How Obama’s campaign used big data to win, and how coke got hacked
Staffers work on computers during a tour of U.S. President Barack Obama's re-election headquarters May 12, 2010 in Chicago.
To help tap financial donors and to get out the vote, we knew the Obama campaign was crunching big data. But, until now, it wasn't very clear how big. Michael Scherer, White House correspondent for Time got an inside-look at the math wizards, behavioral scientists and other data specialists helping to drive the campaign.

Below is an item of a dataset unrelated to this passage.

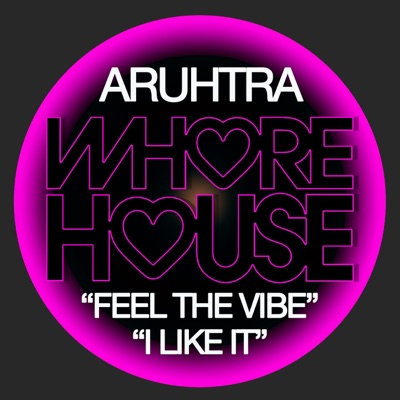 I Like It / Feel The Vibe - EP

His access was given on condition -- he not publish anything until it was all over.
"It was really extensive," says Scherer. "They had an analytics team, for instance, that was five times the size of the one they had in 2008."

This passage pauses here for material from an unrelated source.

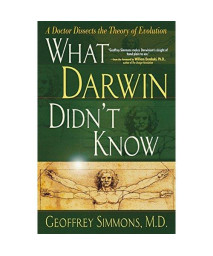 What Darwin Didn't Know: A Doctor Dissects the Theory of Evolution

Analytics helped the campaign understand both the demographics they had in the pocket, and the ones they needed to target and nudge into the voting booth. How? In part by calling a ton of people, every night, for weeks. Regular polls had a sample of maybe 1,000 people in Ohio. Obama's team was working with data from a list of 29,000.
Take that data, and use it to focus your campaigning efforts, and you'll come up with the kind of difference in turnout some shocked Republicans were witnessing on election night. Example of targeted campaigning? Obama taking questions on the online crowd sourced news aggregator Reddit.

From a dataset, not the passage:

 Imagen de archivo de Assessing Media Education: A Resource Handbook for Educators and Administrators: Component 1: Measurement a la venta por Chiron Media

"The senior aides had never heard of that website and didn't know what it was," says Scherer. "Their data people came back to them and said 'look, a lot of our targets are here. Let's put the president on to do one of these interviews."
Here's some new/old news: Coca-Cola was hacked...back in 2009. I know you're thinking: What, the secret recipe? No, hackers were sneaking through the company's computer systems looking for documents about a proposed purchase of a Chinese beverage company.
Alex Stamos, a security consultant and Chief Technology Officer at Artemus Internet, says this is happening right and left.
"If you break into an oil company and you're able to find out what gas leases they're interested in," says Stamos, "that could be a milti-billion dollar swing in value for one company over another a multi-decade period."
According to Bloomberg news, which broke the story, Coke did not disclose the attack to its investors, which is as much of a trend as the hacks themselves. With billions at stake, big, publically-traded firms aren't very keen on admitting they've been compromised, even though its material information of the sort stockholders might find useful.
"For every time one of these stories goes pubic, ten times there's been one that has been covered up," he says. "And it's not helping us, because the bad guys are talking to each other."
Stamos says companies need to learn to approach security breaches with a more open source attitude, sharing the knowledge of what happened, if they want to avoid getting clobbered again.